A gross 71% of landlords responding to a new survey by independent economist Tony Alexander and property management company Crockers say they plan to raise their rents over the next six months.

Of the landlords planning to raise rents, 39% intend increases of between 1-5%, 43% intend 5-10%, 12% will raise by 10-15%, and 5% plan rises of more than 15%. The average rise planned is just over 6.5%.

Of the more than 1,000 survey respondents, 614 say they plan raising rents, 256 said they do not plan to raise them, and 152 opted for “maybe”.

Alexander says in reality, because rents are set with reference to the market, the actual rise in rents is likely to be less than the “hopes” expressed in the survey by many landlords.

“Nonetheless, it is the change in rent plans which is the important variable, which we will be tracking from next month. It is the change in this, rather than the actual rent rises, we are interested in.”

The survey will track changes in pressures on rents, points of particular concern, plans regarding property purchases, intentions to sell by landlords and shifts in preferences for property types.

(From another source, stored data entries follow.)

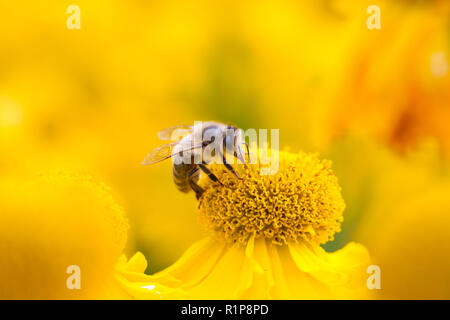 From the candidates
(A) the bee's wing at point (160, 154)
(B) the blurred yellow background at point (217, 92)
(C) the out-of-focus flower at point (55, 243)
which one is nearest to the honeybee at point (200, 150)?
(A) the bee's wing at point (160, 154)

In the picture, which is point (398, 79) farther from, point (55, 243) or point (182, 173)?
point (55, 243)

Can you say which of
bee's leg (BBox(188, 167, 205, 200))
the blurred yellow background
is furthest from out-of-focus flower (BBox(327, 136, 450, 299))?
bee's leg (BBox(188, 167, 205, 200))

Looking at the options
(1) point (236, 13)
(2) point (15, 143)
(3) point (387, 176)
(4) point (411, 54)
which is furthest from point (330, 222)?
(2) point (15, 143)

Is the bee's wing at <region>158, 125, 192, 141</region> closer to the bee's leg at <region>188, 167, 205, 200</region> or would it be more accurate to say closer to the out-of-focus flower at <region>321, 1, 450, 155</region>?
the bee's leg at <region>188, 167, 205, 200</region>


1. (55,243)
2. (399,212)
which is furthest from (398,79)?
(55,243)

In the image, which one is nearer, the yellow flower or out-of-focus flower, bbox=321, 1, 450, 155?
the yellow flower

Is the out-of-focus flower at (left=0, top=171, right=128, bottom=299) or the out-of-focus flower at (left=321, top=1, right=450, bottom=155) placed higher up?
the out-of-focus flower at (left=321, top=1, right=450, bottom=155)

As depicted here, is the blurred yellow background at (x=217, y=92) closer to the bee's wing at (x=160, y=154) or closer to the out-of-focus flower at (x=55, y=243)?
the out-of-focus flower at (x=55, y=243) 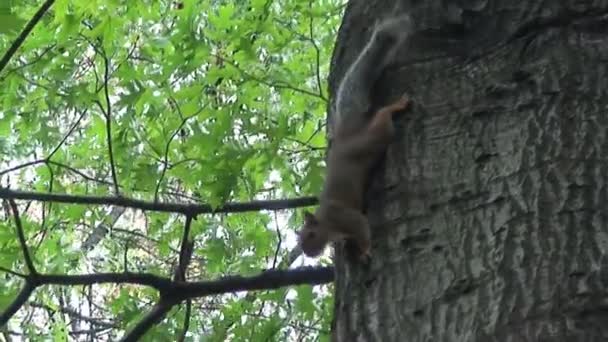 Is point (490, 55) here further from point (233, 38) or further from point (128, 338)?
point (233, 38)

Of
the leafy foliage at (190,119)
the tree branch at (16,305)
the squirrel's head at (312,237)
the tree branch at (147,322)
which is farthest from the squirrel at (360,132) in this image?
the tree branch at (16,305)

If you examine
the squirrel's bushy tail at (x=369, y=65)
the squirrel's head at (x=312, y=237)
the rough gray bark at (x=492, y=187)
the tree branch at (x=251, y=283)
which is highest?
the squirrel's head at (x=312, y=237)

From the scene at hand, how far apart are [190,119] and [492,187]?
2.07m

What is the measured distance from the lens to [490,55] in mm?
1656

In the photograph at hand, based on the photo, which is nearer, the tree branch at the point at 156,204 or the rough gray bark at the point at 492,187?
the rough gray bark at the point at 492,187

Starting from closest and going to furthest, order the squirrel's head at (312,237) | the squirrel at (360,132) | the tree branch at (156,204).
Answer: the squirrel at (360,132), the squirrel's head at (312,237), the tree branch at (156,204)

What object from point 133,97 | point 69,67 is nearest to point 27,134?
point 69,67

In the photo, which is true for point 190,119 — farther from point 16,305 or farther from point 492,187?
point 492,187

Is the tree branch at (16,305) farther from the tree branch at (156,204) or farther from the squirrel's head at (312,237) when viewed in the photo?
the squirrel's head at (312,237)

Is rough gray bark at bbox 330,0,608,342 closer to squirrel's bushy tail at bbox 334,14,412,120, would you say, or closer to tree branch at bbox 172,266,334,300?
squirrel's bushy tail at bbox 334,14,412,120

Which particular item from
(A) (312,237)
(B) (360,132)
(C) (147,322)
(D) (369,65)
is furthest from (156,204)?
(D) (369,65)

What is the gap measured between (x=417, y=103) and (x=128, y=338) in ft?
4.67

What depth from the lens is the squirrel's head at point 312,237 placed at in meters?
2.78

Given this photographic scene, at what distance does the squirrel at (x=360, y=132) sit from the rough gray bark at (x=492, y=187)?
0.09 ft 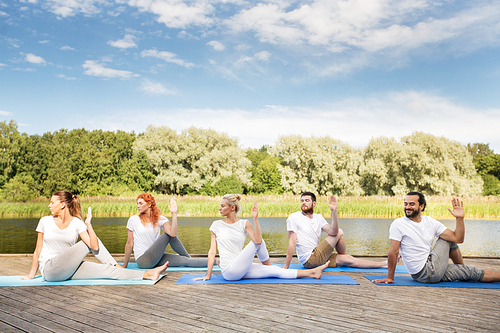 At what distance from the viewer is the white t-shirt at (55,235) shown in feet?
14.1

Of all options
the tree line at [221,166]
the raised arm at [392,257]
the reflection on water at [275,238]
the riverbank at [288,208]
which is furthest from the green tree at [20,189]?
the raised arm at [392,257]

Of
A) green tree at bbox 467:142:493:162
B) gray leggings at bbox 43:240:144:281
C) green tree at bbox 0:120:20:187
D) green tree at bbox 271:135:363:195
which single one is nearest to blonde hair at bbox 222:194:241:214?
gray leggings at bbox 43:240:144:281

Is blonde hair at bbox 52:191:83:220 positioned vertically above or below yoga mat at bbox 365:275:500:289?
above

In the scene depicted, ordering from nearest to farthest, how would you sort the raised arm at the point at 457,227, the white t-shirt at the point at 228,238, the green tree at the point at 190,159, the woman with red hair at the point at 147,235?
the raised arm at the point at 457,227, the white t-shirt at the point at 228,238, the woman with red hair at the point at 147,235, the green tree at the point at 190,159

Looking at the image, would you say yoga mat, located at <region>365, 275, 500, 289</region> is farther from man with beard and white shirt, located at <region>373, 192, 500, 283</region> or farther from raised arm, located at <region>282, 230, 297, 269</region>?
raised arm, located at <region>282, 230, 297, 269</region>

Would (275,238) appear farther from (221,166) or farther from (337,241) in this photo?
(221,166)

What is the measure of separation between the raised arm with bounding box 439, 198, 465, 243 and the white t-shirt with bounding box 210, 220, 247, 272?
2459mm

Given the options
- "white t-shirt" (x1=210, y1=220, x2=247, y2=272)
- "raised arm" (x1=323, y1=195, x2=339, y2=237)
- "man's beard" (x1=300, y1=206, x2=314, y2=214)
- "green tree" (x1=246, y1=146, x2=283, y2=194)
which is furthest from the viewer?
"green tree" (x1=246, y1=146, x2=283, y2=194)

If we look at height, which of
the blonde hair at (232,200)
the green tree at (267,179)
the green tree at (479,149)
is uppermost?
the green tree at (479,149)

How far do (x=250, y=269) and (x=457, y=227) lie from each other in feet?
8.27

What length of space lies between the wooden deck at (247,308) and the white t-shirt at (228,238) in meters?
0.38

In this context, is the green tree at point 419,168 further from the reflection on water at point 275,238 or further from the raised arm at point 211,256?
the raised arm at point 211,256

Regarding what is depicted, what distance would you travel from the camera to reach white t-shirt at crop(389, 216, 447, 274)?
4.43m

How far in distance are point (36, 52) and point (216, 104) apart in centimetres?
2147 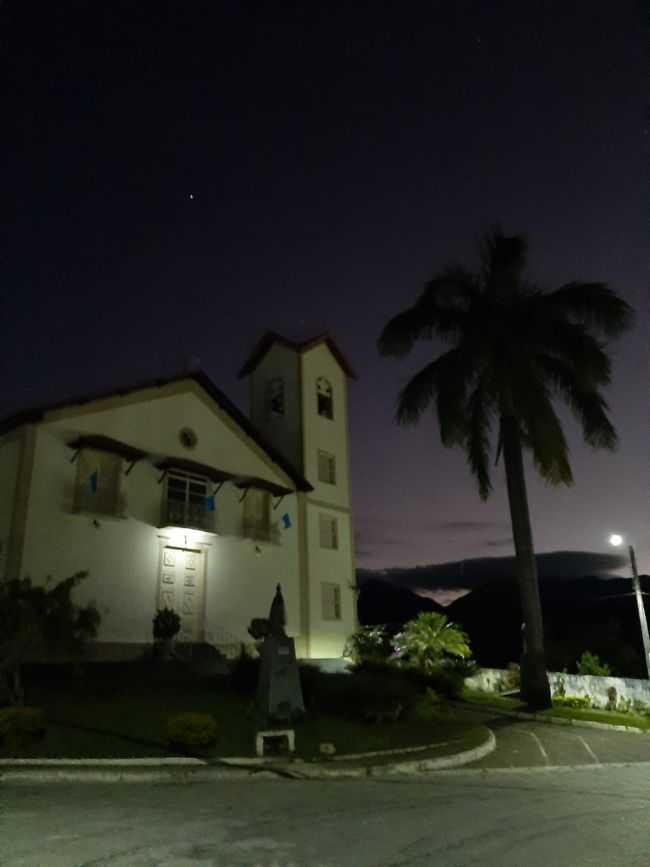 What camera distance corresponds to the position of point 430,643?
2025 centimetres

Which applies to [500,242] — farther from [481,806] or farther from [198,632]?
[481,806]

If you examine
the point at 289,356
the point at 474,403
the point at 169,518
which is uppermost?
the point at 289,356

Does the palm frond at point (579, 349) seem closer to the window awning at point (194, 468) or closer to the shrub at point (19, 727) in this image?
the window awning at point (194, 468)

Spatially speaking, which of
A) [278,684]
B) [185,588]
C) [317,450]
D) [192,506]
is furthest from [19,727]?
[317,450]

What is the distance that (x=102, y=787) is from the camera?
8.70m

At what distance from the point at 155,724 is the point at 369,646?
11.4 m

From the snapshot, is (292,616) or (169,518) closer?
(169,518)

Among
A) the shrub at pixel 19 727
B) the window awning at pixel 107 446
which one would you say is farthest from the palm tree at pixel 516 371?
the shrub at pixel 19 727

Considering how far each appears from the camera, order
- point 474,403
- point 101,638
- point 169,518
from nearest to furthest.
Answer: point 101,638 < point 169,518 < point 474,403

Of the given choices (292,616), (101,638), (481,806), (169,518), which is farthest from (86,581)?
(481,806)

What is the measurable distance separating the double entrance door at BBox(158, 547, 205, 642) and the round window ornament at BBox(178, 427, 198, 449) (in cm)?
341

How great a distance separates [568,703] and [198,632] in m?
11.9

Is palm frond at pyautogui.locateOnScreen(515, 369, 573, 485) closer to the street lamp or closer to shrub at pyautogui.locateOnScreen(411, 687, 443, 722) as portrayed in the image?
the street lamp

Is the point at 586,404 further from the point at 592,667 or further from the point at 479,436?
the point at 592,667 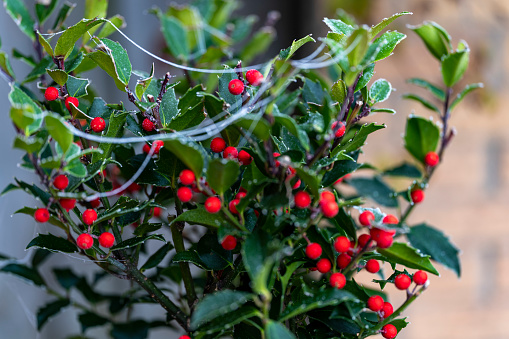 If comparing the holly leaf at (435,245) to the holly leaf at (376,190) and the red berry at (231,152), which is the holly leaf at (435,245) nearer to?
the holly leaf at (376,190)

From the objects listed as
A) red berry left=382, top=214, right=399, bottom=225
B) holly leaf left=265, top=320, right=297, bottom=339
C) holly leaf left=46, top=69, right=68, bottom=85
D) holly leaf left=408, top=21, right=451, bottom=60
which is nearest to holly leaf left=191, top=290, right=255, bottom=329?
holly leaf left=265, top=320, right=297, bottom=339

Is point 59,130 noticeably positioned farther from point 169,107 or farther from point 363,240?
point 363,240

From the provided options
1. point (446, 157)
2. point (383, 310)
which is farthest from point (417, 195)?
point (446, 157)

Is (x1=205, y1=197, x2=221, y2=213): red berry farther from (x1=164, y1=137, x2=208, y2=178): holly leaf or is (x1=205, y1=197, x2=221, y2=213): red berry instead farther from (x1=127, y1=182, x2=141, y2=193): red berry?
(x1=127, y1=182, x2=141, y2=193): red berry

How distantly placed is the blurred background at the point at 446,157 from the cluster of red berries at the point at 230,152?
0.60 metres

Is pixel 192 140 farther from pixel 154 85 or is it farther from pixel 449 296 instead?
pixel 449 296

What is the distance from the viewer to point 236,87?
40 cm

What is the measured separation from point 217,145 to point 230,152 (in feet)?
0.05

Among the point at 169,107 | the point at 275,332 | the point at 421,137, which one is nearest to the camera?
the point at 275,332

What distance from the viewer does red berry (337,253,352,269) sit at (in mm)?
388

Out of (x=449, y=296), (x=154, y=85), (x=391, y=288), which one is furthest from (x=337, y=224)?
(x=449, y=296)

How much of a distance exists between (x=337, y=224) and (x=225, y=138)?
12cm

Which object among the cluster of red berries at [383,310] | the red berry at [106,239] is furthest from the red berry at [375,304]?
the red berry at [106,239]

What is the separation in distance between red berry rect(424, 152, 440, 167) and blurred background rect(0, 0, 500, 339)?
0.45m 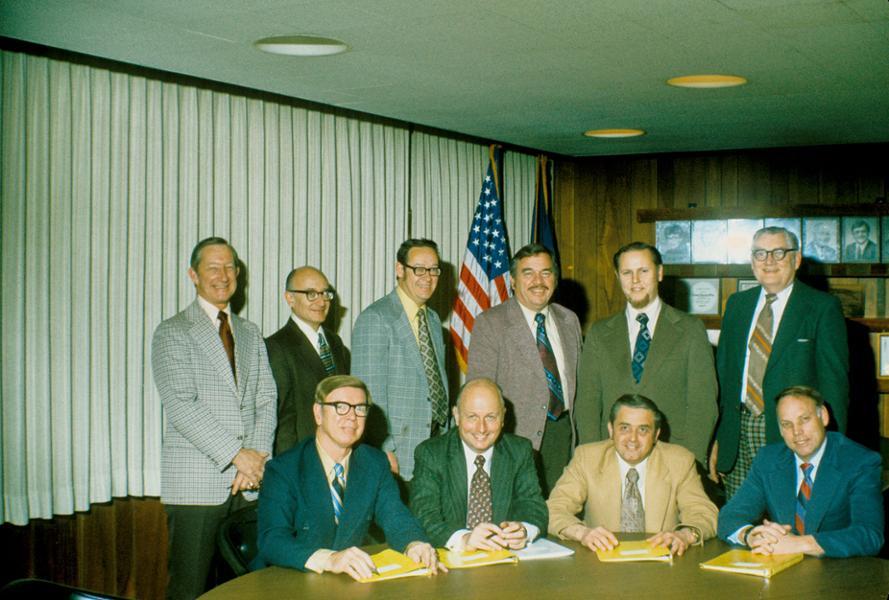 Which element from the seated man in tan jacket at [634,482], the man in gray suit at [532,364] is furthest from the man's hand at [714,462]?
the seated man in tan jacket at [634,482]

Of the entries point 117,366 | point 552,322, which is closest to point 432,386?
point 552,322

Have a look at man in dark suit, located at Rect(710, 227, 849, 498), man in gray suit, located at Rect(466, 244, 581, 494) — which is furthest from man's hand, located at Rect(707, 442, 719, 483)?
man in gray suit, located at Rect(466, 244, 581, 494)

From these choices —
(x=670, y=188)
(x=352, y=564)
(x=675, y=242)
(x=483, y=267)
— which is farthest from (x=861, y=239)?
(x=352, y=564)

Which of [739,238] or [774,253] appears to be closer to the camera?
[774,253]

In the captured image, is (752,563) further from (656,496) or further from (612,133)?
(612,133)

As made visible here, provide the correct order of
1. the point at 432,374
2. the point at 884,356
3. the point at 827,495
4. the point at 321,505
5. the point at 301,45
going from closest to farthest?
1. the point at 321,505
2. the point at 827,495
3. the point at 301,45
4. the point at 432,374
5. the point at 884,356

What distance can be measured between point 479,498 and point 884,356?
166 inches

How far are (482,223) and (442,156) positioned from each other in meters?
0.56

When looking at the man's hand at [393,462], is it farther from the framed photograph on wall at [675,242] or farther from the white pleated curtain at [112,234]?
the framed photograph on wall at [675,242]

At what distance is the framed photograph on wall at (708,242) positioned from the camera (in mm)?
6930

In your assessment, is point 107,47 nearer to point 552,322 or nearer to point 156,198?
point 156,198

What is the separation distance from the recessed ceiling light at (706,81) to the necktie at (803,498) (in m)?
1.92

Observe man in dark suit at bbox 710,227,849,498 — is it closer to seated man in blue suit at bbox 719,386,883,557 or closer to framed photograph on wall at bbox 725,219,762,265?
seated man in blue suit at bbox 719,386,883,557

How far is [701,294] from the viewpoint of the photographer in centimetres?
702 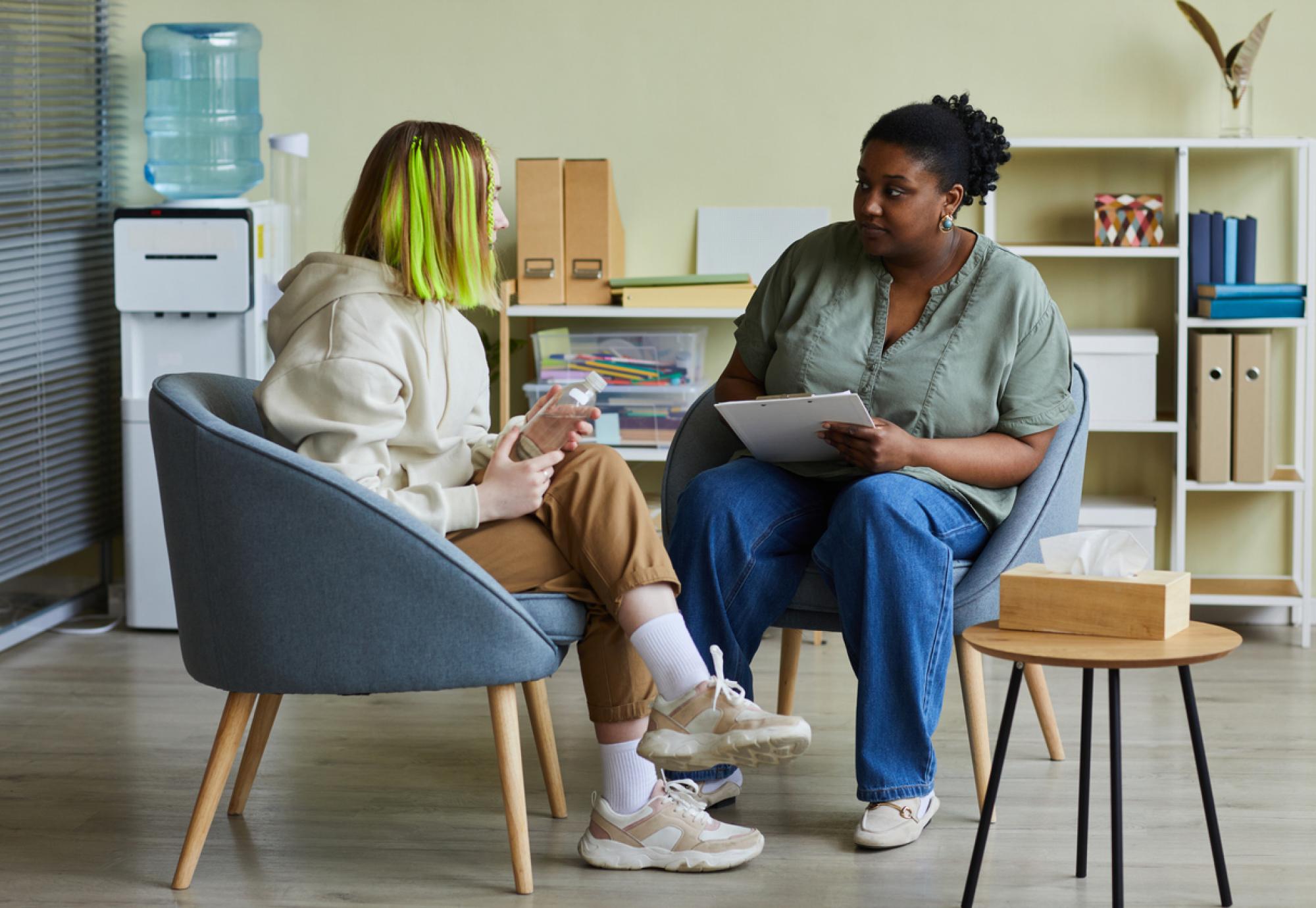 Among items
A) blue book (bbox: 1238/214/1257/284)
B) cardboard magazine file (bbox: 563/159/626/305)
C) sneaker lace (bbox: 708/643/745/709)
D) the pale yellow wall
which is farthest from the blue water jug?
blue book (bbox: 1238/214/1257/284)

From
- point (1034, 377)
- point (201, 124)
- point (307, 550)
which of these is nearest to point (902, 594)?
point (1034, 377)

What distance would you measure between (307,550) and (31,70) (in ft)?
7.18

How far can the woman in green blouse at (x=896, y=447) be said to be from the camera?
6.91ft

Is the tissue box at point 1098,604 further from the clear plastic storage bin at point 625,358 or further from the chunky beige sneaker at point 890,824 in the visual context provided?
the clear plastic storage bin at point 625,358

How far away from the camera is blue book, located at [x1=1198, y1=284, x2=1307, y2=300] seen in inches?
132

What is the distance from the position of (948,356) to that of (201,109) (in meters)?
2.26

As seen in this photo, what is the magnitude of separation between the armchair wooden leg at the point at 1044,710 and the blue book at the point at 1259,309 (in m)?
1.28

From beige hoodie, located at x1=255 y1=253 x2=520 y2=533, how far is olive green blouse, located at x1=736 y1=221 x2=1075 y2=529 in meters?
0.63

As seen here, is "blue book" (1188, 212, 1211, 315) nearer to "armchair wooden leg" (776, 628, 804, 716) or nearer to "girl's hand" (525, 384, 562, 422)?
"armchair wooden leg" (776, 628, 804, 716)

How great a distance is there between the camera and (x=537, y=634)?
192 cm

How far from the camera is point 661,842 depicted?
2053 millimetres

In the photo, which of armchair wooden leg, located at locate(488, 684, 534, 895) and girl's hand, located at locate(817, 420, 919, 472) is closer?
armchair wooden leg, located at locate(488, 684, 534, 895)

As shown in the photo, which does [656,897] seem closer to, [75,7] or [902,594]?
[902,594]

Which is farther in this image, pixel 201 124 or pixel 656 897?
pixel 201 124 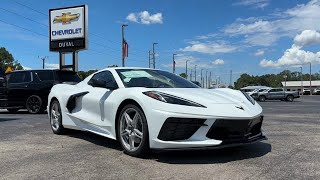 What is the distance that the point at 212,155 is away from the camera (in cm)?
580

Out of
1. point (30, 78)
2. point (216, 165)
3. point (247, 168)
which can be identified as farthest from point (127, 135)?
point (30, 78)

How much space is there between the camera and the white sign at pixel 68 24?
3034 cm

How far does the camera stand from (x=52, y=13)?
3203cm

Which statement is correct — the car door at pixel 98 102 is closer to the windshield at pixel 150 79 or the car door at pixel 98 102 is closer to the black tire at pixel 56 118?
the windshield at pixel 150 79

Buying property is still top of mind for many investors. A gross 28% of respondents to the survey say they are intending to buy another property. While a percentage are wanting to buy, 26% have indicated they will be selling property within the coming year.

More landlords are intending to keep their existing investment property. More than 40% have no intention of selling and 22% plan on holding property for at least another 10 years. Just over onethird plan to sell within 10 years and 22% within five years.

“Interestingly, while a gross 25% of respondents in the previous question indicated they intend selling their property within the coming year, the proportion implying that in this question is just 6%.” says Alexander.
“We suspect there is a strong element of concern regarding the Government’s recent tax changes which continues to manifest itself as threats to sell.”

For the gross 28% of investors thinking about buying another property, 45% are looking at buying one which is new and 55% are looking at buying an existing property.

Of those intending to buy, 27% want a standalone house, 22% a townhouse, and 7% an apartment and the size preference is for two to three-bedroom houses, with studios and single bedroom properties out the door.

West Coast Best Bet

Residential property investors have been given a steer on where to invest – and it’s not Auckland. In fact, it’s far further south. The West Coast of the South Island to be precise.

It has taken top spot as the highest performing region for residential investors with the highest yield in New Zealand and the fourth highest capital gains, the latest (REINZ) data shows.

The latest edition of the Capital Gains and Rental Yields Report reveals that since the third quarter of last year the West Coast has made the list as the best region for investors.

Yields in the West Coast region are 5.4%, the only region with a yield in excess of 5%. Additionally, capital gains in the West Coast increased 26.3% for the three months ending March this year when compared to the same time last year with median prices going from $229,000 to $289,250 – making it the standout region for residential property investors.

In second equal place in terms of providing strong returns for investors were Gisborne and Manawatū/ Whanganui.